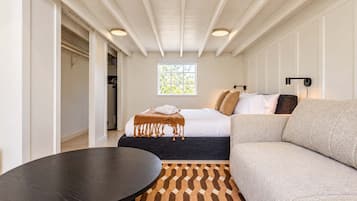Una habitación de hotel con cama, sofá, una mesa redonda y una alfombra estampada.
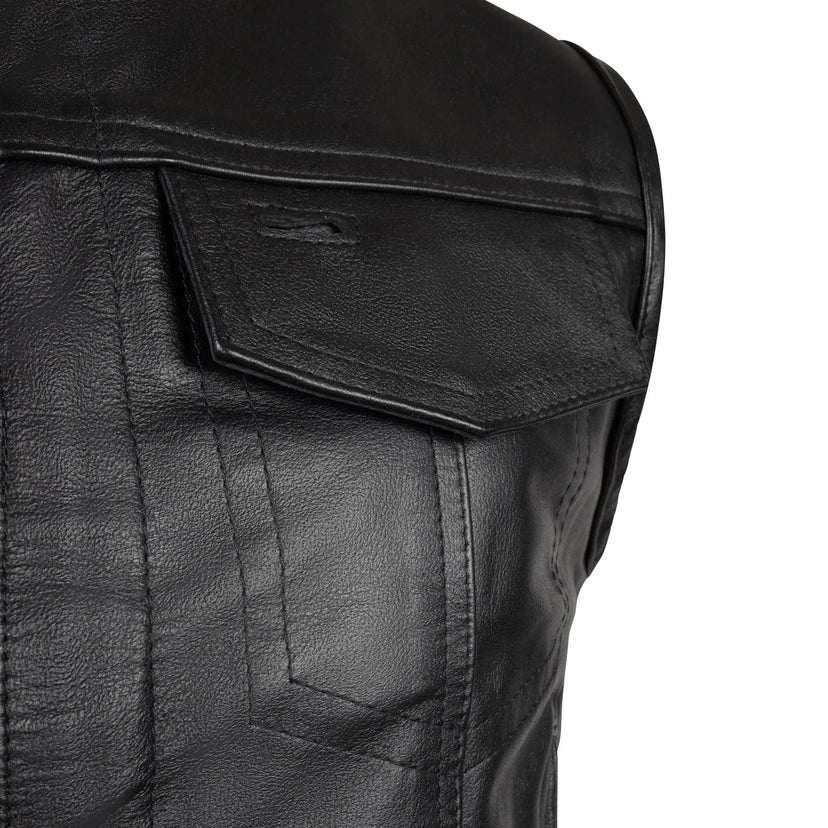 Close-up of front snap pocket on BECK® 566 black vest showing leather texture and stitching detail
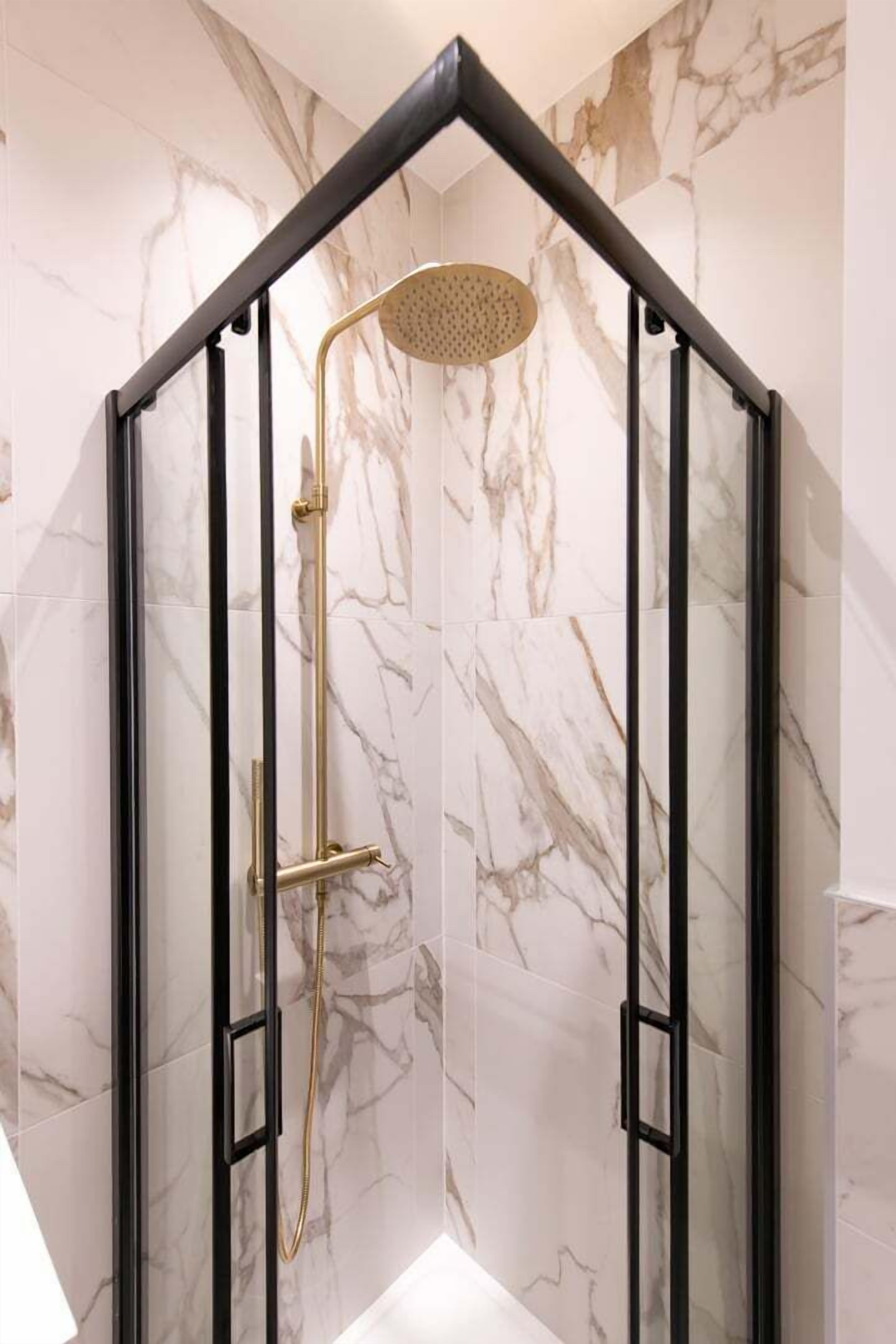 Shower, eco-friendly toiletries, hair dryer, towels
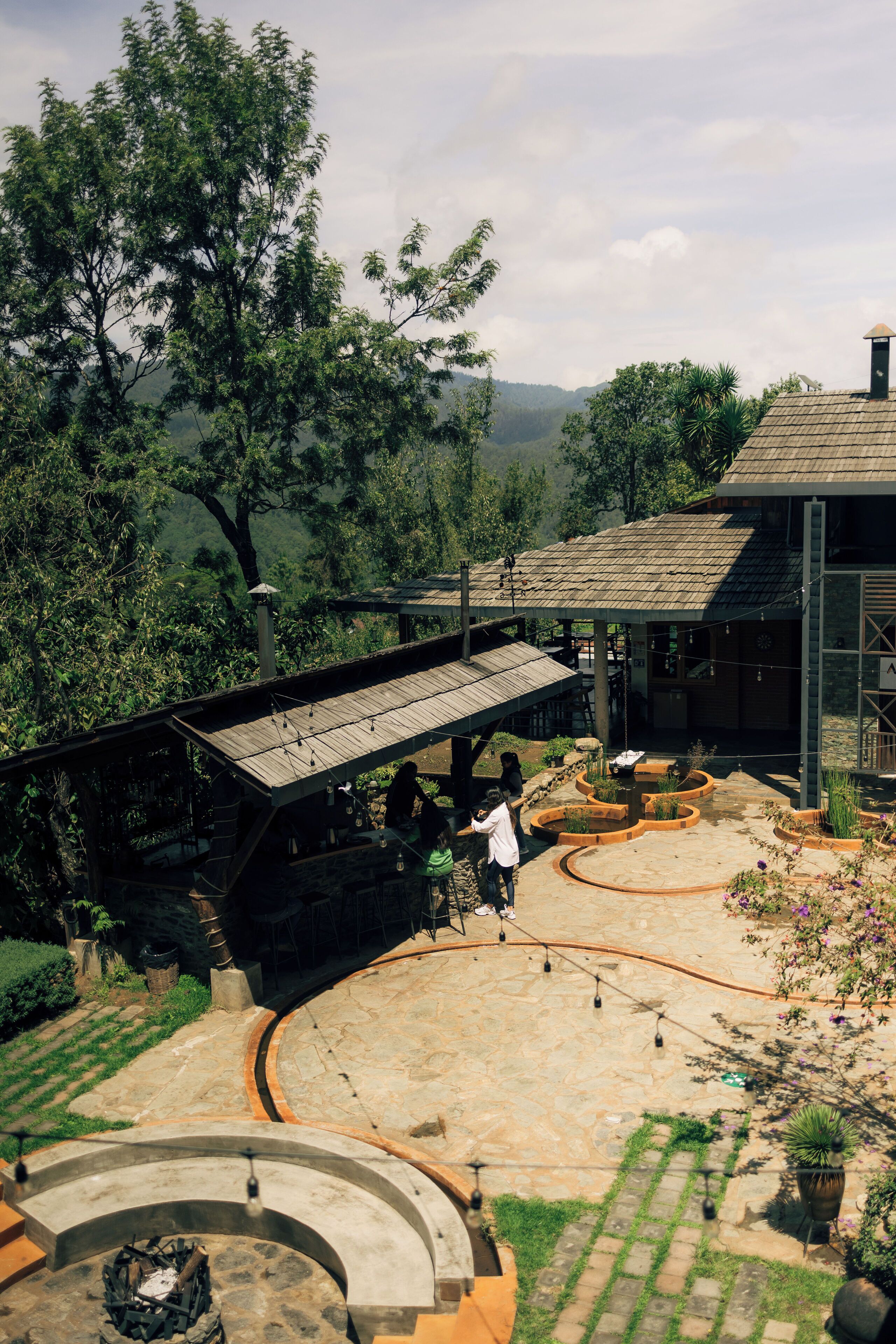 A covered outdoor area with stone flooring, a fire pit, and a seating arrangement.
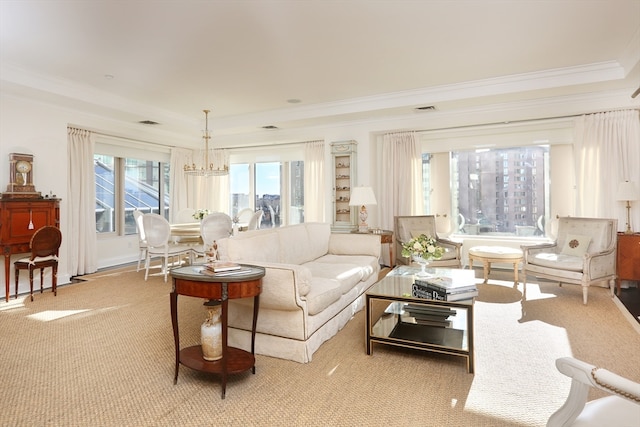 living room with a notable chandelier, crown molding, and light colored carpet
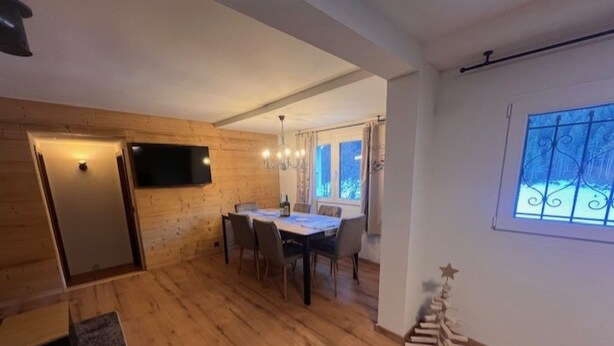 Une pièce dotée d’un plancher en bois, d’une table à manger avec des chaises, d’un téléviseur fixé au mur et d’une fenêtre ornée d’une grille décorative.
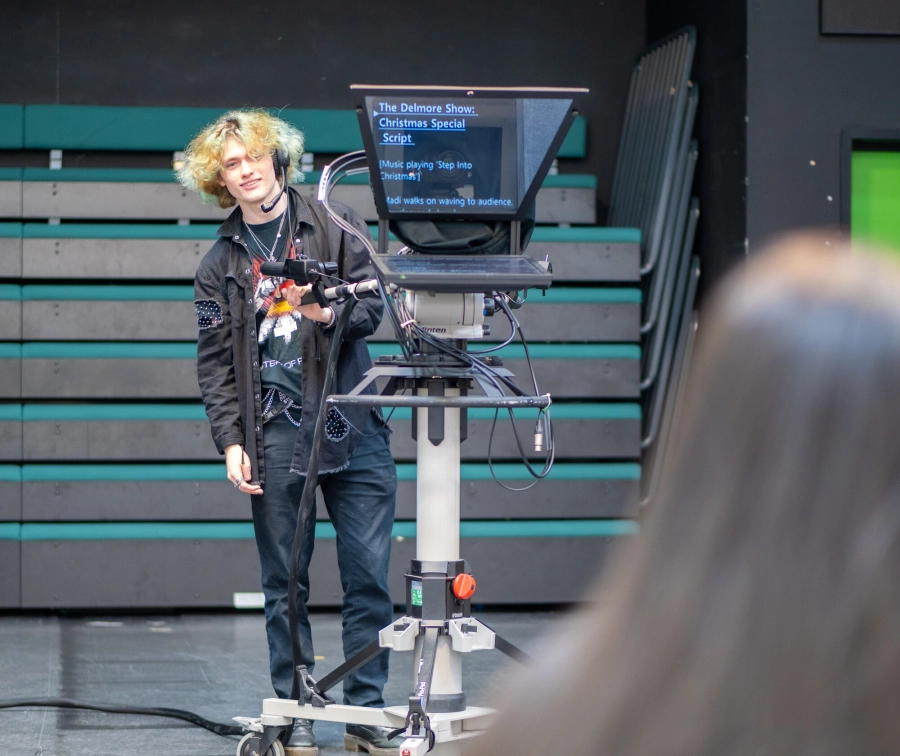 Student using media production equipment as part of their studies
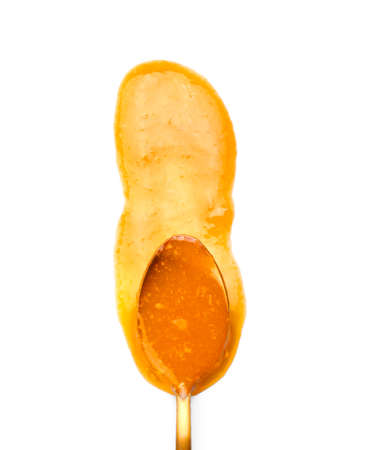 Spoon of tasty tangerine jam on white backgroundの写真素材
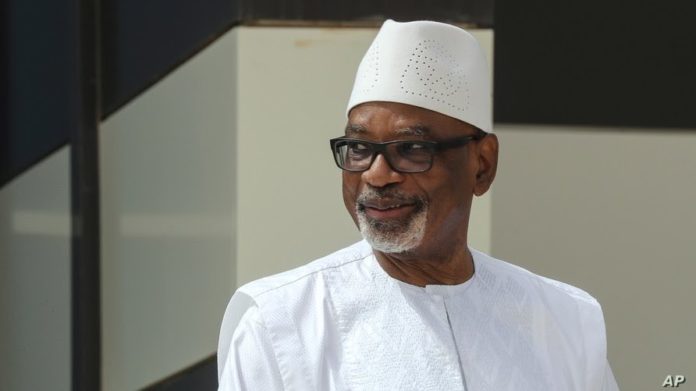 FILE - Mali President Ibrahim Boubacar Keita poses for a group picture during the G5 Sahel summit in Nouakchott, June 30, 2020.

# # # # #

**TASK TO CARRY OUT**
Full transcription of the material, exact in every line, without images.

**WORKED SOLUTION**
Una habitación de hotel con cama, sofá, una mesa redonda y una alfombra estampada.
 Close-up of front snap pocket on BECK® 566 black vest showing leather texture and stitching detail
 Shower, eco-friendly toiletries, hair dryer, towels
 A covered outdoor area with stone flooring, a fire pit, and a seating arrangement.
 living room with a notable chandelier, crown molding, and light colored carpet
 Une pièce dotée d’un plancher en bois, d’une table à manger avec des chaises, d’un téléviseur fixé au mur et d’une fenêtre ornée d’une grille décorative.
 Student using media production equipment as part of their studies
 Spoon of tasty tangerine jam on white backgroundの写真素材
 FILE - Mali President Ibrahim Boubacar Keita poses for a group picture during the G5 Sahel summit in Nouakchott, June 30, 2020.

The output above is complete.